Reproduce only the lines that begin at the line with "Black And White" and run to the end of the entries; omit every picture.

## Image-text web data
- - - -

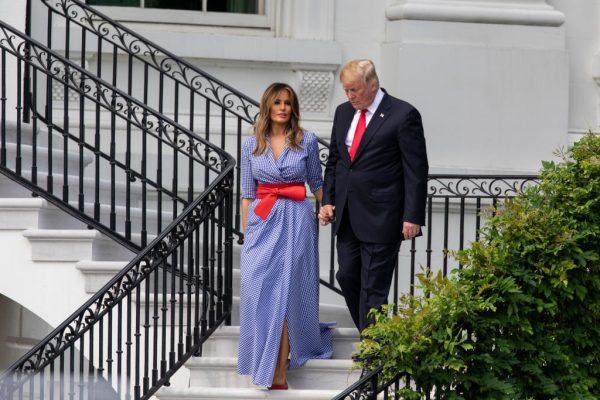 President Donald Trump and First Lady Melania Trump walk down the White House steps prior to greeting guests during a picnic for military families on the South Lawn of the White House in Washington on July 4, 2018. (Alex Edelman/Getty Images)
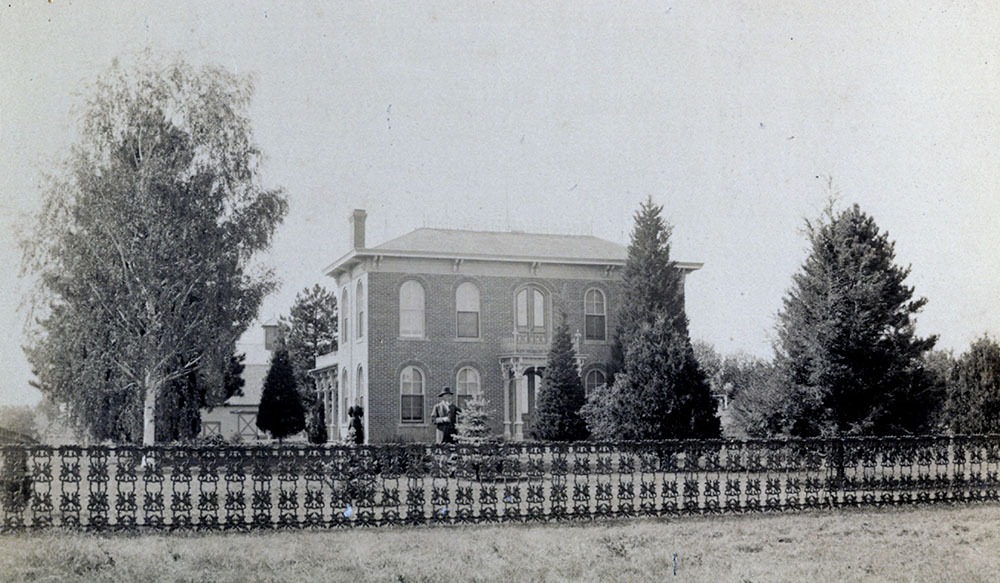 A photograph of the Gaunt family home, circa 1889, with the lawn's original cast-iron fence.
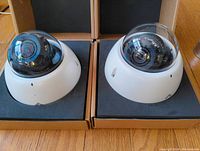 Two white dome security cameras with clear domes on bases inside original packaging boxes.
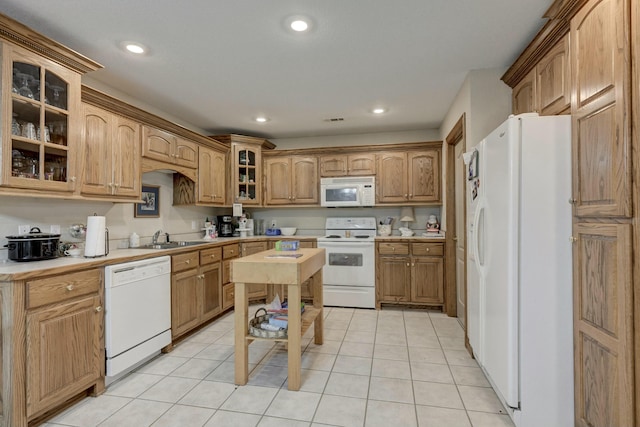 kitchen featuring white appliances, sink, and light tile patterned floors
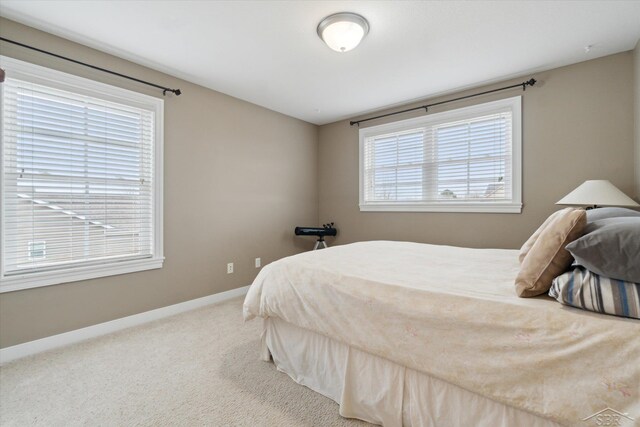 carpeted bedroom featuring baseboards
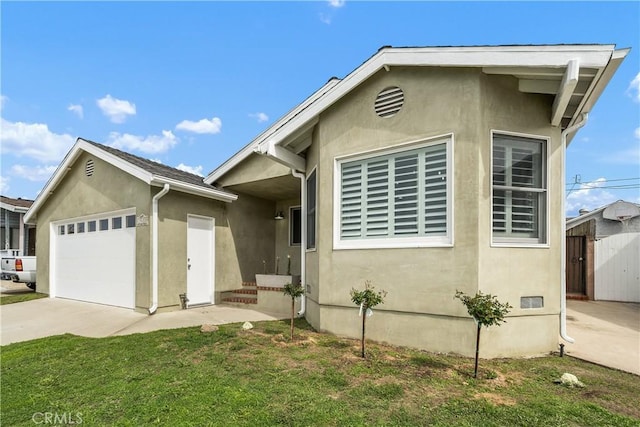 single story home featuring stucco siding, driveway, a front lawn, and a garage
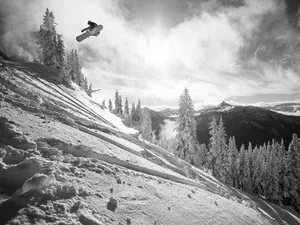 Black And White Man With Snowboard Down Slope Wallpaper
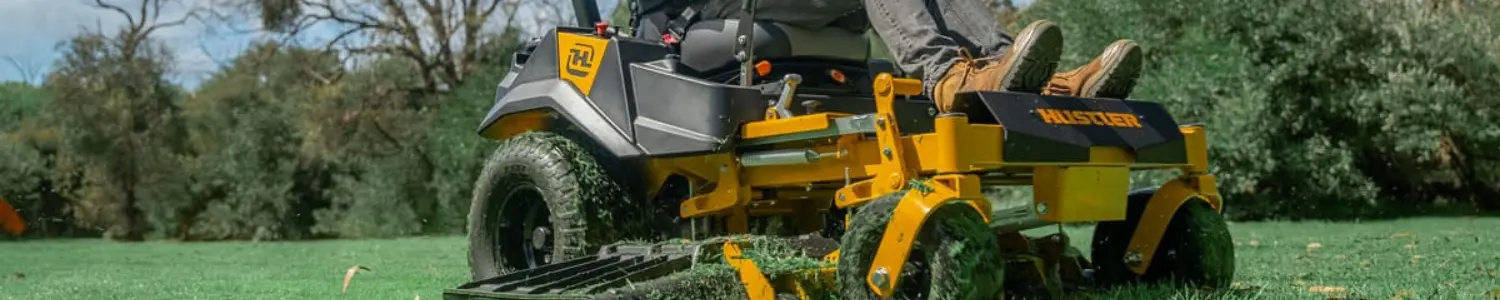 Banner featuring a Hustler zero-turn lawn mower cutting grass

- - - -

## Expected output
 Black And White Man With Snowboard Down Slope Wallpaper
 Banner featuring a Hustler zero-turn lawn mower cutting grass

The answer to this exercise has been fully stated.